# Roamio OTA picture clarity



## chicofox (Mar 8, 2015)

I bought my first-ever tivo (roamio ota) last weekend. There's lots to love but one glaring thing is the picture quality. I have it connected via hdmi but I find the picture a bit fuzzy compared to my tv with the antenna directly connected which produces a very sharp image.

The tivo is supposed to be capturing and displaying the raw mpeg signal, right? So there should be no encoding/compression issues?

Anyone else experience this? Perhaps this is just the way tivos are and you have to live with it?


----------



## jth tv (Nov 15, 2014)

Here there is no quality difference between the TV's tuner and the TV using Roamio Basic tuners. My TV has a button that shows the video format and they are the same for both.

Check the settings of the Tivo.

Settings, Settings, Video, Video Output Format. 

I've checkmarked several formats as I do not mind the slight delay in switching native broadcast formats as I rarely surf live tv. I almost always watch recorded shows and the delay is fine. Others pick one format to avoid flickering when switching. 

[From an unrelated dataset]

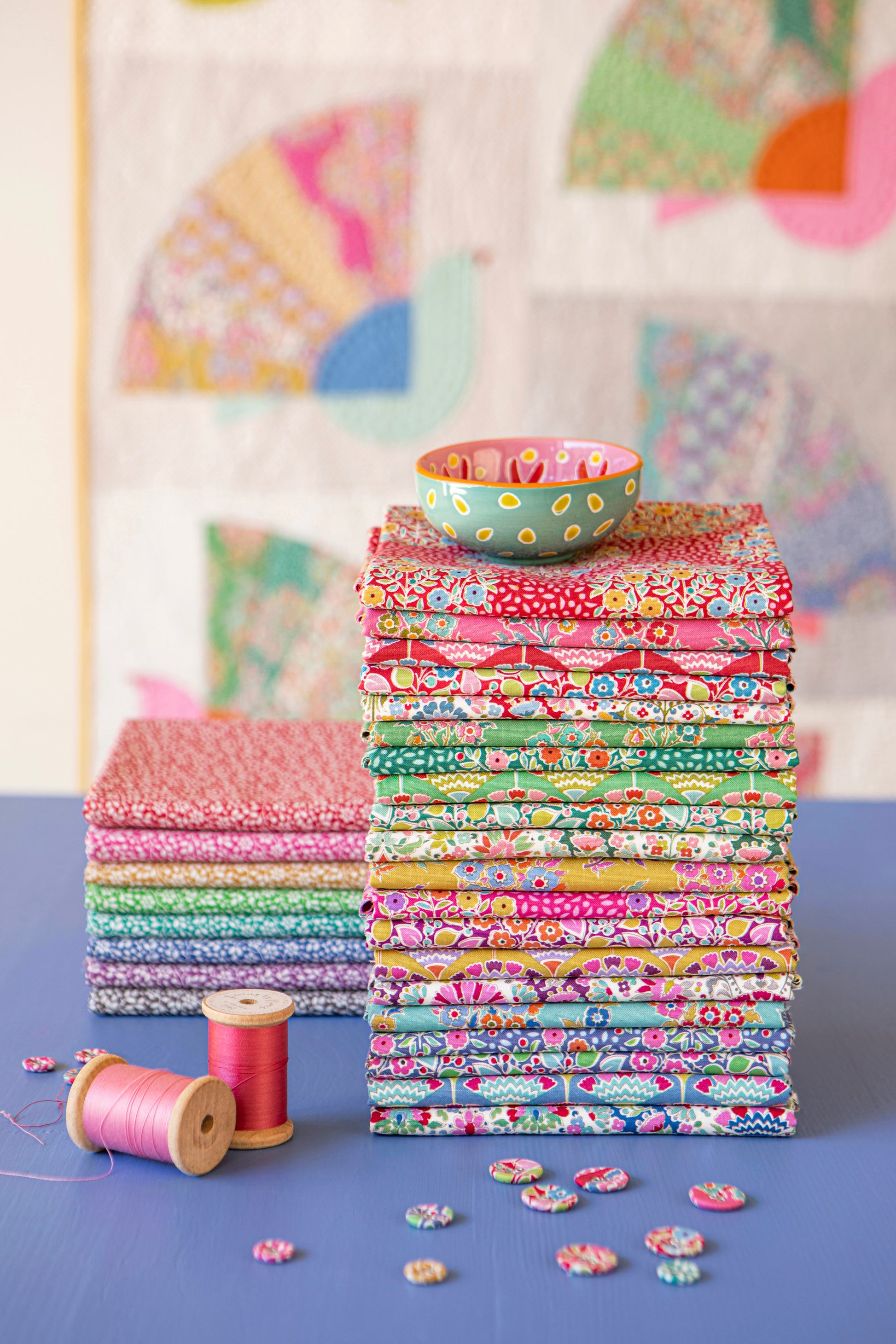 Tilda Pie in the Sky Tassleflower - RED  Yardage 100495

It is probably my imagination but I think my TV looks better using the native formats, particularly native 720p.


----------



## PCurry57 (Feb 27, 2012)

chicofox said:


> I bought my first-ever tivo (roamio ota) last weekend. There's lots to love but one glaring thing is the picture quality. I have it connected via hdmi but I find the picture a bit fuzzy compared to my tv with the antenna directly connected which produces a very sharp image.
> 
> The tivo is supposed to be capturing and displaying the raw mpeg signal, right? So there should be no encoding/compression issues?
> 
> Anyone else experience this? Perhaps this is just the way tivos are and you have to live with it?

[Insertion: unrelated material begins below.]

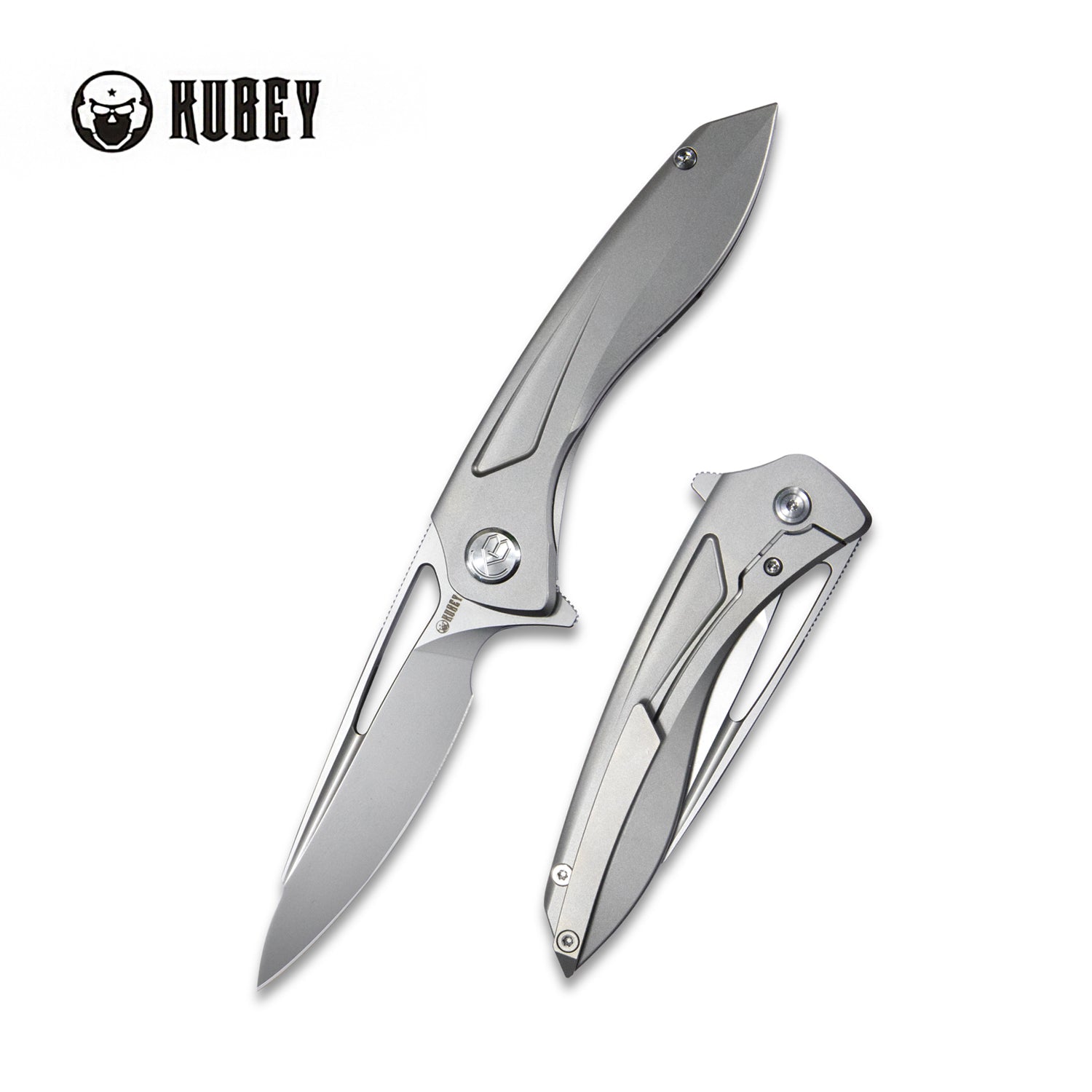 Kubey Velocé Frame Everyday Carry Gentlmans Pocket Knife Original Ti Handle 3.94'' Sand Blast S90V Blade KB171H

What you are probably experiencing is your tv's picture mode seeing being different for various inputs one is likely set for AUTO another maybe set for games, sports movies.... try cycling picture modes on the TV.


----------



## raqball (Feb 23, 2015)

I'd agree that it's probably a setting on your TV or the Tivo.

I suppose it's possible that the Tivo has a hardware problem but I'd check all the settings 1st and if the problem continues then maybe the unit needs to be exchanged..


----------



## JoeKustra (Dec 7, 2012)

chicofox said:


> I bought my first-ever tivo (roamio ota) last weekend. There's lots to love but one glaring thing is the picture quality. I have it connected via hdmi but I find the picture a bit fuzzy compared to my tv with the antenna directly connected which produces a very sharp image.
> 
> The tivo is supposed to be capturing and displaying the raw mpeg signal, right? So there should be no encoding/compression issues?
> 
> Anyone else experience this? Perhaps this is just the way tivos are and you have to live with it?

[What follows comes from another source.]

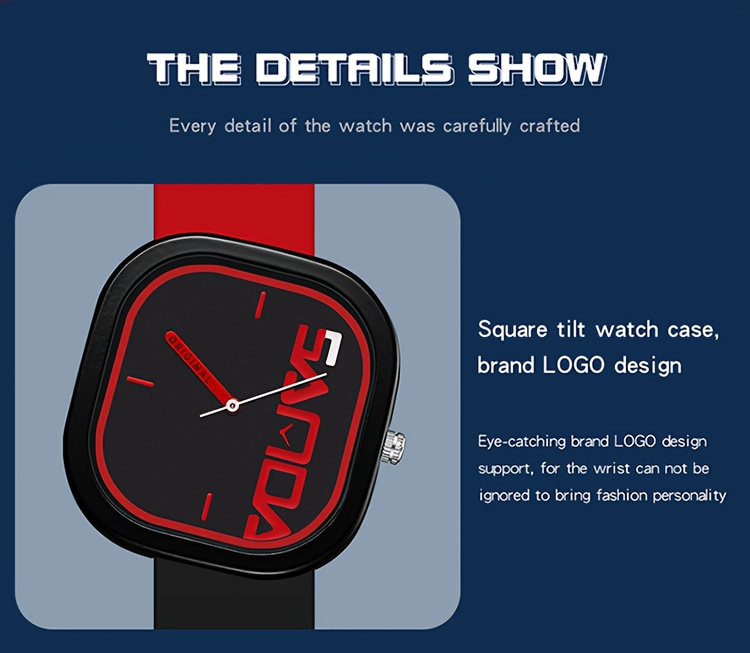 mens watch classic square with red accents quartz movement 50    non rechargeable battery ideal for sunday dates holiday gifts Product details 5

Keep in mind I like the picture on my basic TiVo, but I sort of agree with you. Until last week I had clear QAM channels. I could use my TV's tuner and switch between the raw QAM and the TiVo's slightly delayed picture. The TV always seemed clearer. My TiVo has its screen and display parameters the same for all inputs except those I have left on Auto, so that may be the cause. It's impossible to account for those Auto settings and their effect. But, if it matters, you never are watching "live" TV since the 30 minute buffer is a factor. Again, if it wasn't for the button that gives my a quick A-B comparison I never would have seen a difference. I have changed the HDMI cable also and have my output set to fixed 1080p since that's what TiVo selected and is the native resolution of the TV.


----------



## Dan203 (Apr 17, 2000)

JoeKustra said:


> But, if it matters, you never are watching "live" TV since the 30 minute buffer is a factor.


But in the age of digital TV this no longer matters. The TiVo isn't doing anything except copying the bits from the live stream to the hard drive. The signal is exactly the same. Also it's highly unlikely to be the decoder hardware inside the TiVo as all the "quality" parts of temporal compression (i.e. MPEG-2 and MPEG-4) happen on the encode side. As long as the decoder is designed to the spec it should produce identical quality to any other decoder designed to spec.

Now there could be some extra video processing the TV is applying to it's own decoder which it does not apply to HDMI input. Especially with those "auto" options. That might explain the difference. But all things being truly equal there should be no difference between TiVo output and your TVs own tuner.


----------



## elwaylite (Apr 23, 2006)

OTA PQ on my tivo, to my plasma, is outstanding.


----------



## telemark (Nov 12, 2013)

Fuzzy picture could be due to 720p mode.

Have you checked the Tivo settings or whether the TV reports it as such?


----------



## ncted (May 13, 2007)

elwaylite said:


> OTA PQ on my tivo, to my plasma, is outstanding.


Ditto


----------